Hill also argued that Corporal Cavelli violated her equal protection rights under the Fourteenth Amendment when he entered her residence. Specifically, she alleged that he would not have entered the residences of Caucasian residents without a warrant.
The court examined the law pertaining to such equal protection claims and stated
In order to prevail on a racial discrimination claim, a plaintiff must prove, among other things, that the state’s actions were racially motivated. See City of Cuyahoga Falls v. Buckeye Cmty. Hope Found., 538 U.S. 188, 194, 123 S. Ct. 1389, 1394 (2003) (“We have made clear that proof of racially discriminatory intent or purpose is required to show a violation of the Equal Protection Clause.” (quotation omitted) (alteration adopted)). Thus, to get past summary judgment on an equal protection claim, a plaintiff must produce enough evidence to allow a reasonable trier of fact to find racially discriminatory intent. See Redwing Carriers, Inc. v. Saraland Apartments, 94 F.3d 1489, 1496 (11th Cir. 1996)[v] [emphasis added]
Here, the only evidence that Hill provided was to state that she and her neighbors, whose residences were also entered, were African-American. The court stated
[T]hat fact alone does not raise a genuine issue as to whether Corporal Covelli acted with discriminatory intent when he entered Hill’s home under Sergeant Stelter’s directions to apprehend a crime suspect.
Thus, the court affirmed the grant of summary judgment on the Fourteenth Amendment equal protection claim.
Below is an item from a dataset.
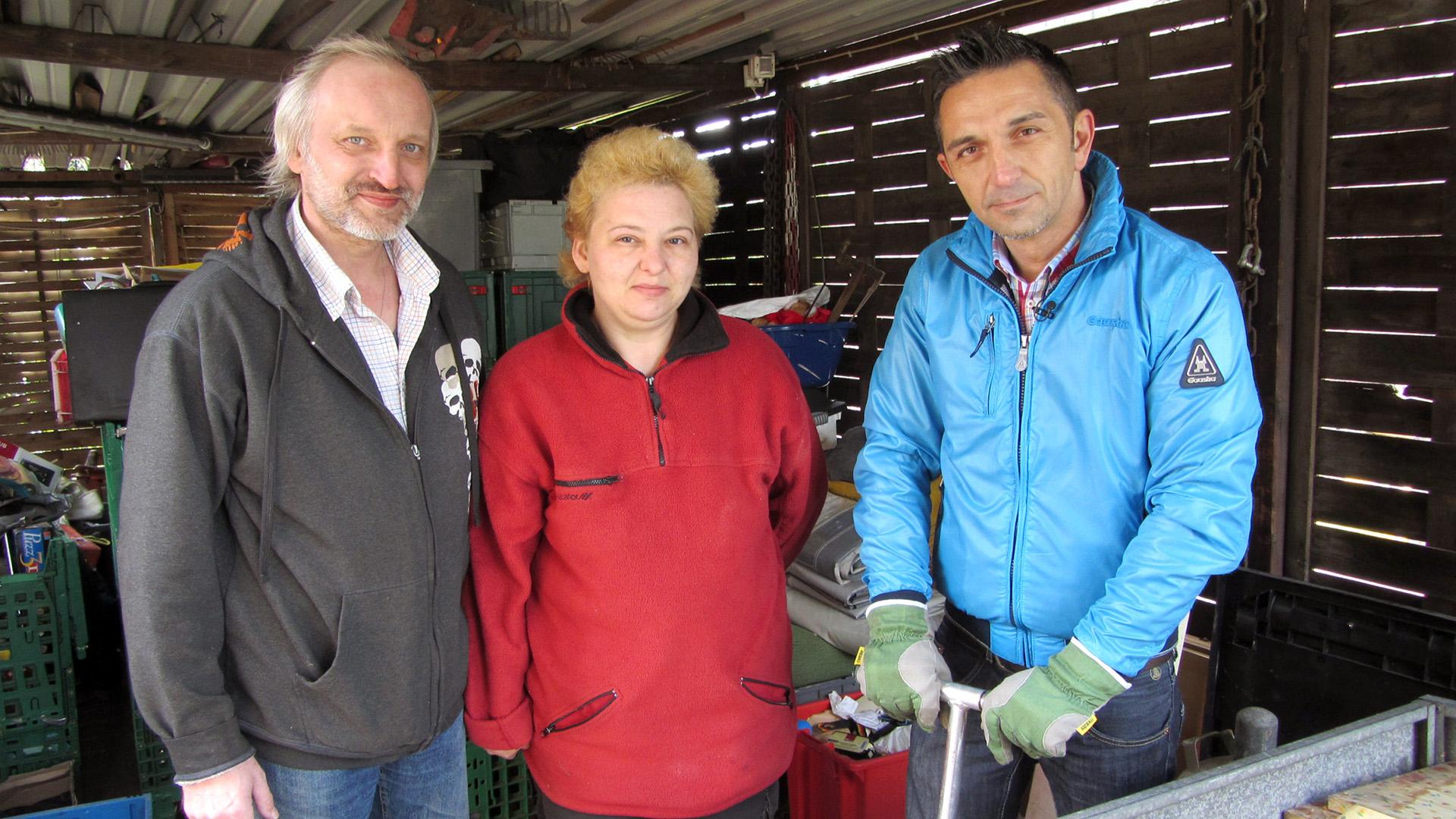 Mauro bei Christel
Lastly, the court examined whether the Sheriff was liable for failure to train his deputies regarding warrantless home entry. In order to hold a sheriff or county liable for the actions of its officers for failure to train, the plaintiff must allege sufficient facts to prove (1) that the plaintiff’s constitutional rights were violated, (2) the sheriff or county knew of a need to train in a particular area, (3) the sheriff or county was deliberately indifferent to those known training needs, and (4) that deliberate indifference to the known training needs was the cause of the plaintiff suffering the constitutional violation.
Here, the court noted that since Corporal Cavelli had not violated Hill’s constitutional rights, the claim against the sheriff must fail. Therefore, he is entitled to qualified immunity and summary judgment.
Thus, the court affirmed the decision of the district court in favor of Corporal Cavelli and the sheriff.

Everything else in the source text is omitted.